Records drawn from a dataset
——————————
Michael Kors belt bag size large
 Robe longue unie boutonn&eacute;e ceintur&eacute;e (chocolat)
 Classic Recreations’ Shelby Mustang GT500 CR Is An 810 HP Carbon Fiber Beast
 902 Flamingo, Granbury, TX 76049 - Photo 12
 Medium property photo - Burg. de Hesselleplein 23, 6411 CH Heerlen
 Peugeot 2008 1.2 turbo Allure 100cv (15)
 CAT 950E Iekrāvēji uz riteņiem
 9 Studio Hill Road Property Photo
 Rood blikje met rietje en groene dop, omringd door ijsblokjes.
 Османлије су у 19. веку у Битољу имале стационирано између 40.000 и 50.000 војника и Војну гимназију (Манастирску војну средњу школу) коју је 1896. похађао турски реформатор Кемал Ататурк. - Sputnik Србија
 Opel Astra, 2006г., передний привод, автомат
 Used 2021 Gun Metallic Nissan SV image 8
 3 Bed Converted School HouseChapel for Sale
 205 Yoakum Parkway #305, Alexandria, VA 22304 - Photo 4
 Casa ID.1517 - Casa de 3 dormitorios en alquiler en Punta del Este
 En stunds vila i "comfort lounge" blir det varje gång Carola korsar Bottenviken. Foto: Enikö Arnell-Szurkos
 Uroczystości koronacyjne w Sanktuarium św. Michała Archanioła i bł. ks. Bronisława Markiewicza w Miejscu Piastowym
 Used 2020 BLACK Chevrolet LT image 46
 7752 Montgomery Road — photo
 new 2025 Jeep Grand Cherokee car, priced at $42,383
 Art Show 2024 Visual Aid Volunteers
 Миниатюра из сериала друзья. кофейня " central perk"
——————————
Since only lines holding the word "Used" matter, count them in the data above and report the number alone.

• [RESULT OF THIS EXERCISE]: 2